Brief descriptive captions
********************

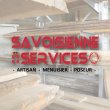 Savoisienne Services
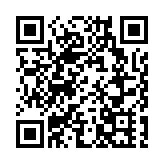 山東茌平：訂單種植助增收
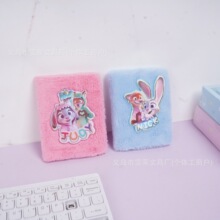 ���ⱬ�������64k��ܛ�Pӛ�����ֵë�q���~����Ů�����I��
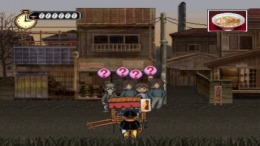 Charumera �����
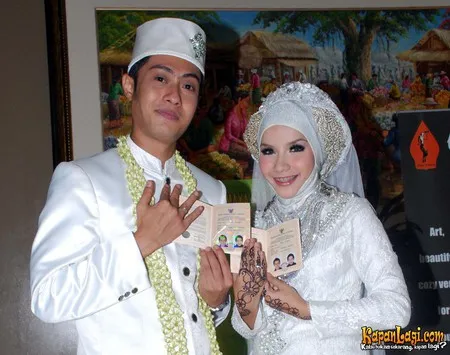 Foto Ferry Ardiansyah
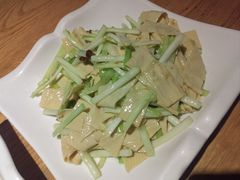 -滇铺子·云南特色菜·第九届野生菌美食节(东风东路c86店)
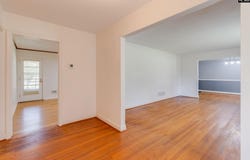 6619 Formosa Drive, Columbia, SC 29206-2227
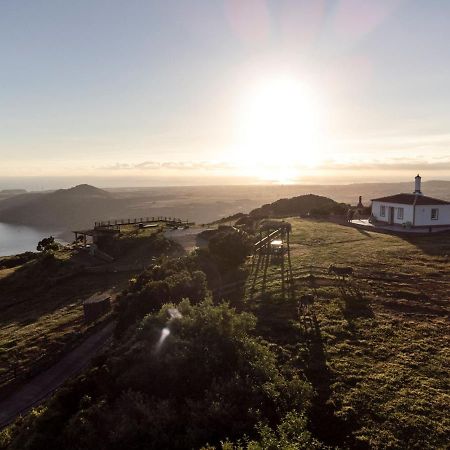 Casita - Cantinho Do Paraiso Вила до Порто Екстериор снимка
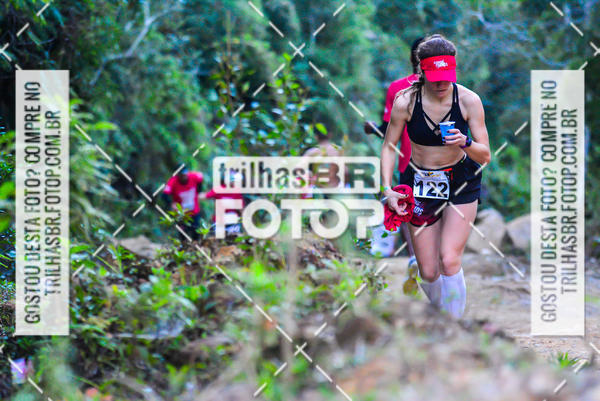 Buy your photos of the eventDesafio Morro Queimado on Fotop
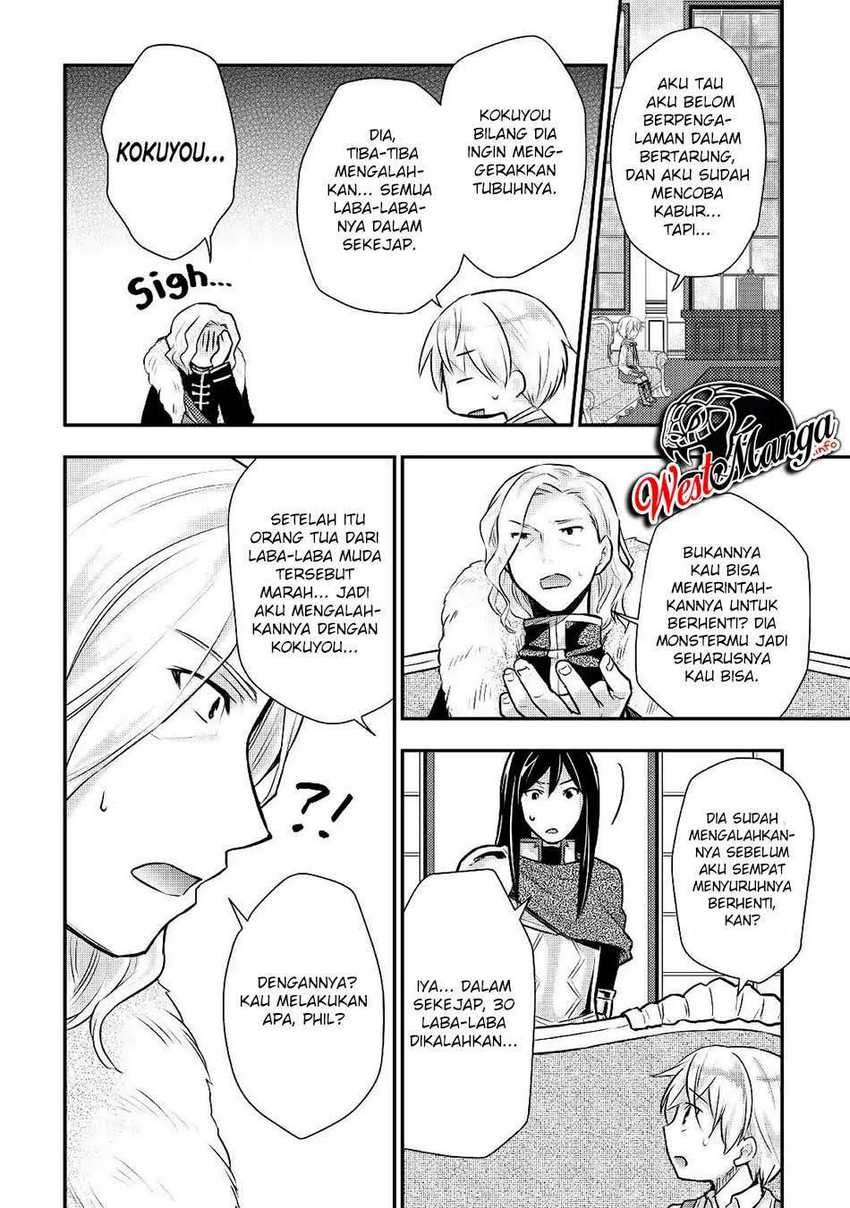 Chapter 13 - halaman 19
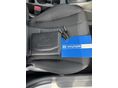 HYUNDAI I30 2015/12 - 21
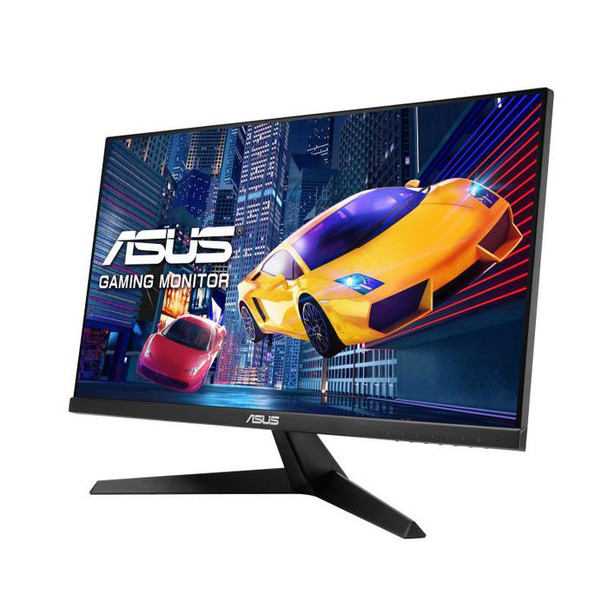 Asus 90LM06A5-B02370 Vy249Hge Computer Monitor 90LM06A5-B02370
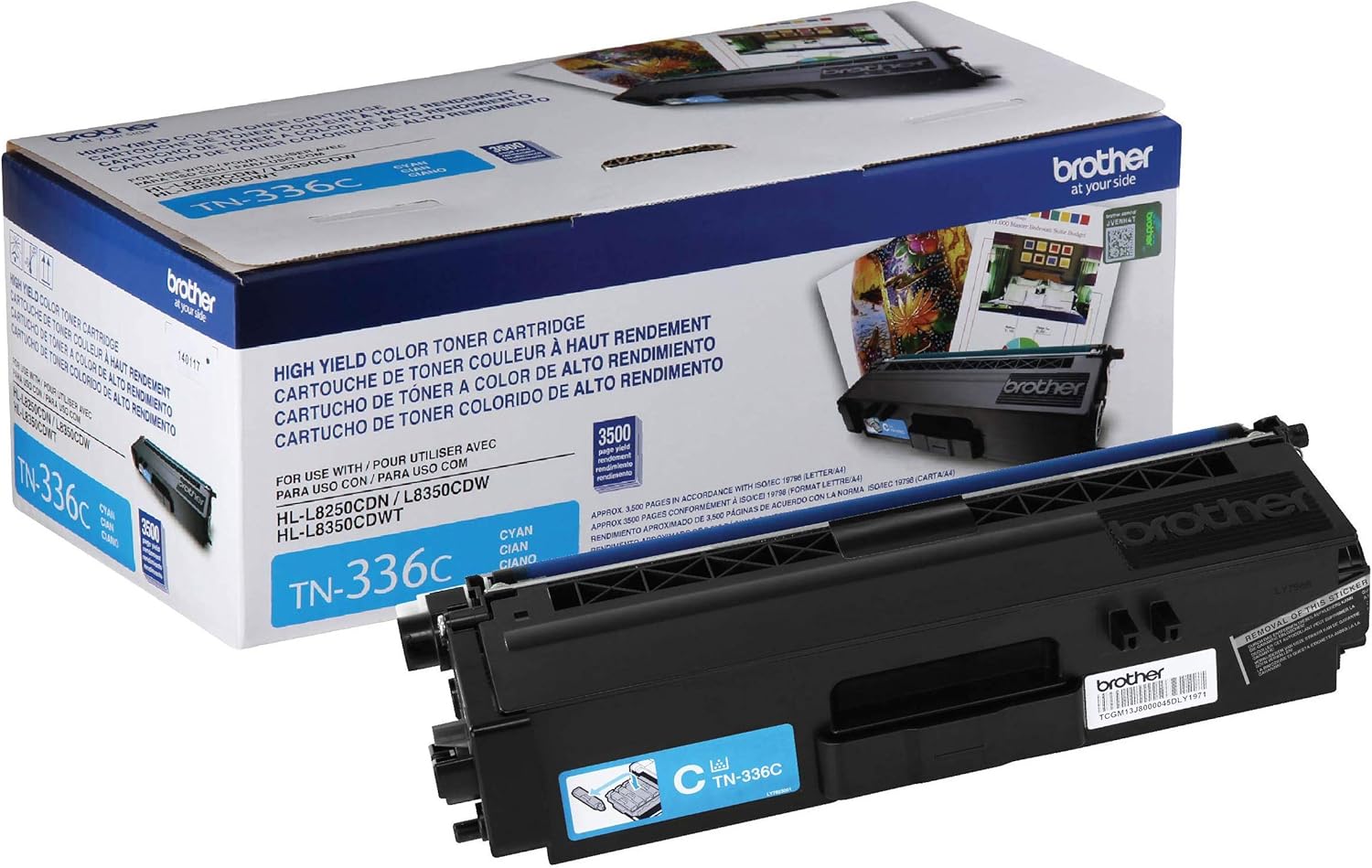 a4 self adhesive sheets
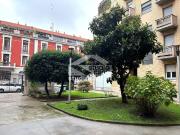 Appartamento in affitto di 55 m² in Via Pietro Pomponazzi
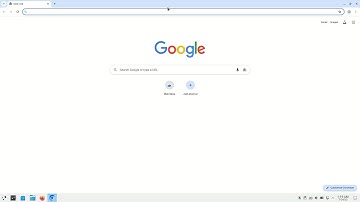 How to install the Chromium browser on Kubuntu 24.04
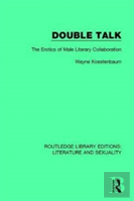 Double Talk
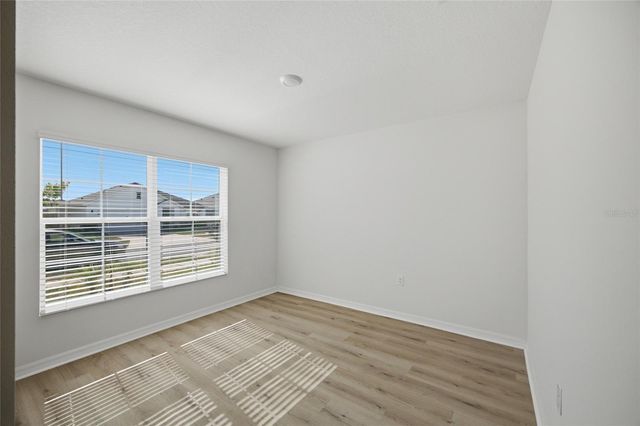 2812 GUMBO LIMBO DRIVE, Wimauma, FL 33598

********************

All lines from the one containing "Double Talk" through the final line of the records are to be retyped exactly; no other lines and no pictures are to be included.

- _Reply_
 Double Talk
 2812 GUMBO LIMBO DRIVE, Wimauma, FL 33598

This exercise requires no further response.